Better to function like a private contractor of your own talents, demand more cash with no strings attach, and make your own lifestyle choices for health care and future income from invested savings.

Sunday, January 10, 2010

The Fed's Behavior Re: AIG Disclosures

The Wall Street Journal published two very damning articles concerning the federal government's handling of AIG in 2008.

The first, on Friday, concerned emails from Fed personnel addressing the filing of detailed information regarding AIG's payments to counterparties. The Fed directed AIG to conceal details which AIG personnel indicated the SEC would prefer reported.

Aside from the obvious issue of one hand not knowing what the other is doing, or there being conflicts between federal entities on what they demand/require of companies, there's the issue of transparency.

The Fed's position smacks of concern that the actions it directed AIG to take were ones it would be unable, or unwilling, to explain and defend in public.

This sort of clandestine action by government, with a major once-private, then questionably "taken" by government, ought to be very worrisome to the business community.

A day later, in the weekend edition, the Journal published, as its customary single, long interview with a prominent business person, a piece by Holman Jenkins regarding his recent conversation with former AIG CEO Hank Greenberg.

I won't reprint major portions of Jenkins' piece. Suffice to say, Greenberg made his major theme that the business press needs to ferret out why Goldman Sachs, Morgan Stanley, Citigroup, et. al., were saved by federal cash, while AIG was, instead, marked for takeover and eradication.
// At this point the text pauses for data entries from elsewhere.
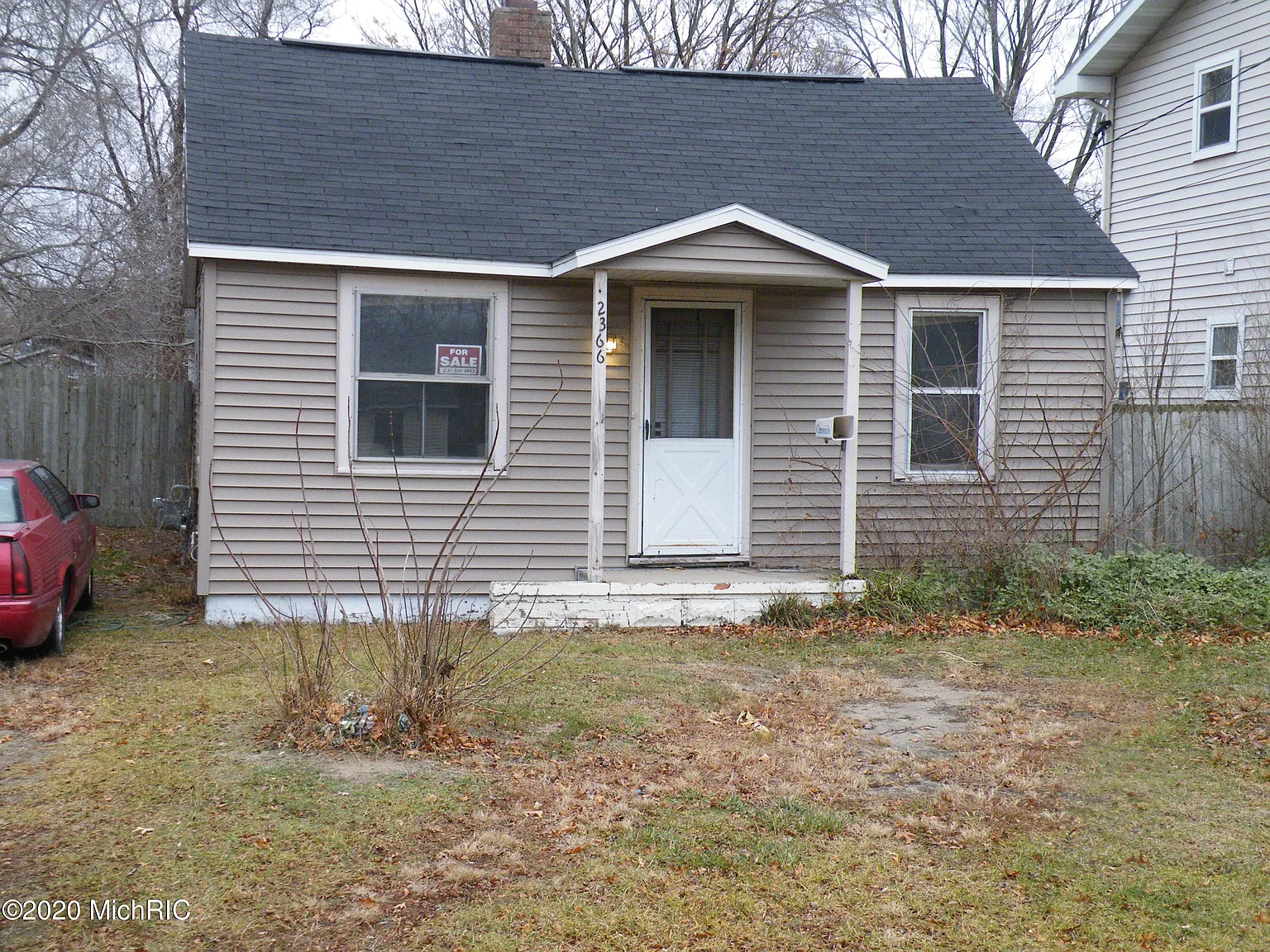 2366 Norman Ave photo 1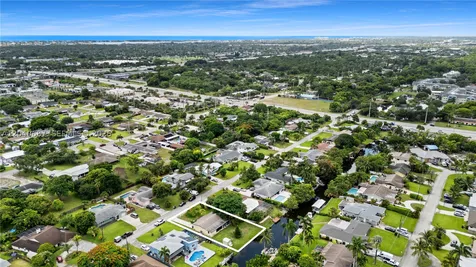 6839 Tradewind Way Lake Worth FL 33462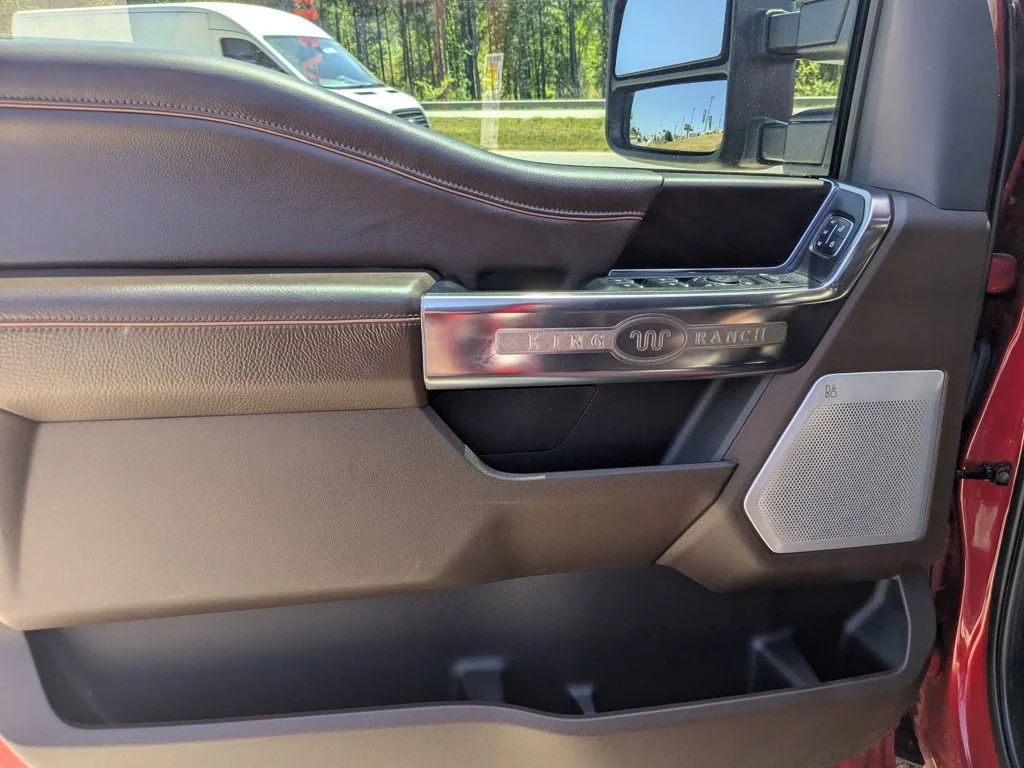 Used 2024  Ford King Ranch image 11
Greenberg mentions something about which I was unaware, and I'm sure I'm not alone. He explained a 2005 change in the operation of credit default swaps by ISDA, the International Swaps and Derivatives Association. The change essentially changed such swaps from having value changes settled once, at maturity, to being ongoing 'mark to market' payments. He doesn't allege, but asks, whether or not Goldman Sachs, which bought large amounts of such swaps from AIG, was behind this change?

He also bluntly challenges the press to discover why AIG was treated so differently by Paulson and Bernanke than were the commercial and investment banks?

One passage really does deserve to be quoted,

"Most of all, he cannot fathom why Treasury and the Federal Reserve let billions of dollars fly out the backdoor to Goldman and other firms. Washington could have simply ordained that AIG's debts were the government's debts and so no collateral was due given Uncle Sam's bulletproof credit rating."
It's a more than fair point. And Greenberg, never a fool, is clever to call for objective press investigations into this mess.

If you see unholy alliances between Goldman and the Treasury and/or Fed, made in the shadows, then you find yourself agreeing with Greenberg's demand that somebody force explanations.

Even if you don't see such alliances, it still makes sense that, over a year later, the major players explain exactly why such differential treatment was demanded for AIG, than the commercial and investment banks which the government elected to save.